Assignment => Omit the pictures and print exactly the lines of the listing below, starting at the first and ending at the line containing "Before I get".
Dataset excerpt Block Start
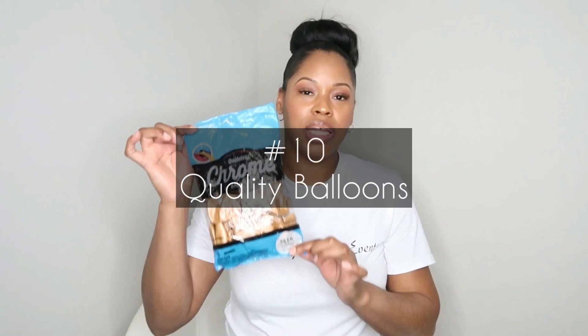Our final item that you will need for becoming a great balloon artist is great quality balloons. These balloons here are from Qualatex, but I use multiple different brands. My favorites are Qualatex, Tuftex, and Sempertex. I've also used Jamar balloons and they are all great quality balloons.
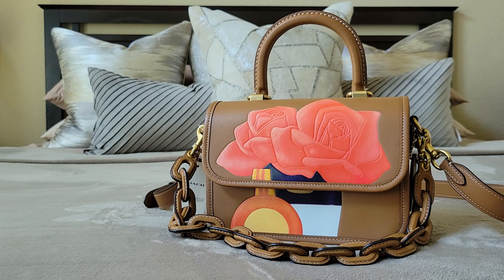Before I get started on this close-up — what fits, you know, just details on this beautiful bag — I wanted to welcome everybody to my channel. Welcome! Thank you so much for supporting my channel, thank you for watching my videos, thank you for subscribing if you have. All of the good stuff, all the interactions — thank you so much.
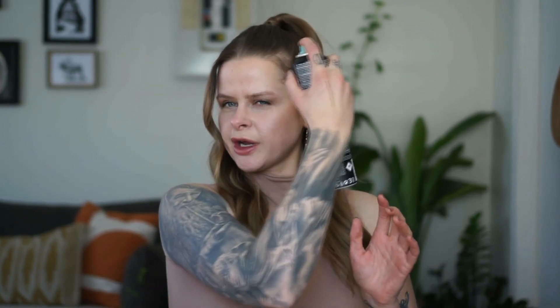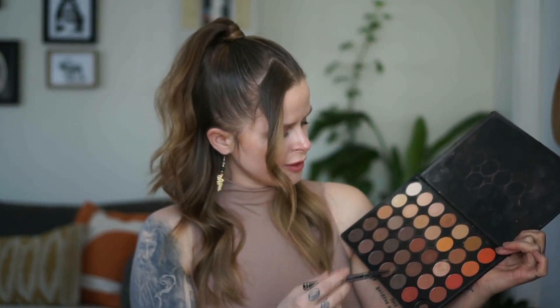Next step: spray hairspray — this part isn't necessary but it gives a more polished look. I'm going to take a matte eyeshadow that's close to my hair color and fill in my hairline. Make sure you use a fluffy brush for this, and go away from the face — if you go back and forth it's totally going to mess up your hair.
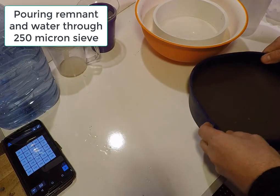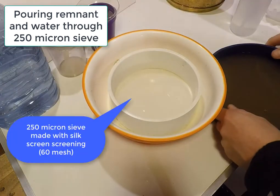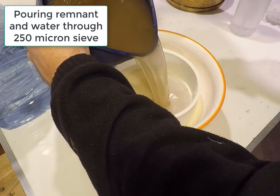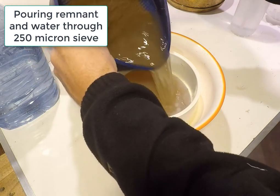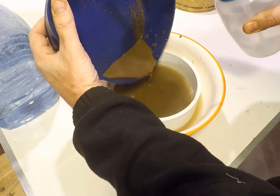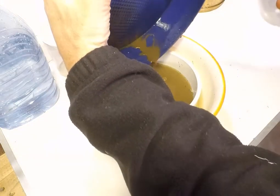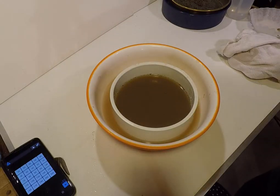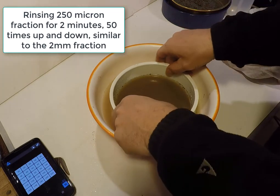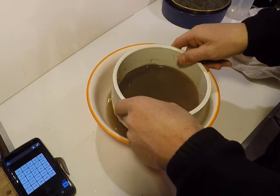The water and soil that was passed through the 2 mm sieve is poured into a 0.25 mm or 250 micron sieve. Water is added to cover the sieve and soil, and then the next smaller fraction of aggregates is washed out of the sample using the same rhythm of 50 strokes in 2 minutes, as was done before for the 2 mm fraction.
Dataset excerpt Block End
Finished exercise =>
Our final item that you will need for becoming a great balloon artist is great quality balloons. These balloons here are from Qualatex, but I use multiple different brands. My favorites are Qualatex, Tuftex, and Sempertex. I've also used Jamar balloons and they are all great quality balloons.
Before I get started on this close-up — what fits, you know, just details on this beautiful bag — I wanted to welcome everybody to my channel. Welcome! Thank you so much for supporting my channel, thank you for watching my videos, thank you for subscribing if you have. All of the good stuff, all the interactions — thank you so much.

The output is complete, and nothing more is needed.